If you are a mother who lost a child, would you rather someone acknowledge your pain rather than keep it silent?  If you are a friend of someone grieving in any way, I think the best thing you can do is say out loud what you are thinking.  Most likely, your friend will be glad you've opened the flood gates and given them permission to share with you.


  1. Tears streaming down my face as I read this - I feel the same way seeing my daughter with other children, wishing so much that her big brother and little brother could be here with her and that her life was not tainted by their deaths and at such an early age.

    I much prefer people talk about my sons. They are still my children. People will never "remind" me that they died, it's not something anyone can forget, even for 10 seconds. Compare it to a living child - that parent always has their child on their mind, even while they're working or doing other things without their children. Same goes for those of us who have buried our children. So no one should be afraid of mentioning them. We want the freedom to talk about our children. Tears may fall, but that's ok. I'd rather my children be acknowledged and my daughter's pain also be acknowledged.

  2. I want people to acknowledge my Dexter. I'll be honest, there are times .. even within the BLM community, where I feel my son isn't as important as other's babies who have passed. So when someone takes the time to say something about him or talk to me about him.. it's something that lifts my heart up. I am afraid he will fade away & no one will remember him but me & his Daddy.

  3. Please don't stop talking to me. I have a baby who is very much alive inside of me and that may not carry over once she is born into this world but she is here now and even after she passes she won't be something we talk about in hushed voices. Her life will be celebrated each and every year, she will always be my daughter and she will always be a baby sister to my two girls. She is a child, not someone who should be forgotten.

  4. Dev.
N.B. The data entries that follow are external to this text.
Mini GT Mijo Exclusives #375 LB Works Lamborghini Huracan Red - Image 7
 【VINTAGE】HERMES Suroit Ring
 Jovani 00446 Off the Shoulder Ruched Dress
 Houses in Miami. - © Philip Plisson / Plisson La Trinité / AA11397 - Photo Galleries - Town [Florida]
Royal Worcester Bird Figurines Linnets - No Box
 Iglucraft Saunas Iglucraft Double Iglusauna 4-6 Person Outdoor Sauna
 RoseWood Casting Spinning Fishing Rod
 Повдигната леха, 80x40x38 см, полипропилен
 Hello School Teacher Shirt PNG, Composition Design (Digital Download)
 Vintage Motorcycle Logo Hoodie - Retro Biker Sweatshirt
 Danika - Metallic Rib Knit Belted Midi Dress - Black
Scarlet has a sister too. But no one knows it to look at my family, seeing only one child. My heart breaks with yours. At church and at the park last week, Scarlet ran up to babies in their carrier, bent down and just stood and stared. Both babies were girls. It crushes my soul each time. She will never look at her sister like that. She will never look at her at all. I love u, and E, and V. And my S, and F. Our girls did not deserve to be robbed of that special bond or best friend. I'm struggling along side you. Many many hugs my friend.

  5. Reading this made me tear up a bit. You are an amazing writer. Seriously! I love reading your blog. It does really hurt me when people don't talk about by baby. It makes me feel like they don't care like they used to when she first passed away, or that they have forgotten, honestly. Maybe it makes them uncomfortable, or maybe they don't know how to bring it up, or what to say. I would be so happy if one of my friends had a conversation with me about my daughter. Or even mentioned her! It might make me cry a little, but it would also make me so, SO happy. I love talking about her. She's still my baby. I want to acknowledge her. I want to brag about how pretty I think she is. I want people to remember her, to know she existed.

  6. Danika never cared for babies (she doesn't even play with dolls) until Eli was born and then died. Now, every time she sees a baby, she wants to go see them. She compliments the parents saying "I like your baby." and is just so in love with them - it breaks my heart because I know she wants "her" baby back. (And being 4, she tells me that every day too.) :o(

  7. It makes my day when someone mentions my son and his name or acknowledges my pain in some way. By someone talking about our babies, they aren't reminding us that they died but by saying their names, they are showing us that they remember and care about them as much as they do my living children.

    I really appreciate those who even include my son's name on a Christmas card, give him a valentine when my other kids are given one....simply when they include him just like they do my living kids.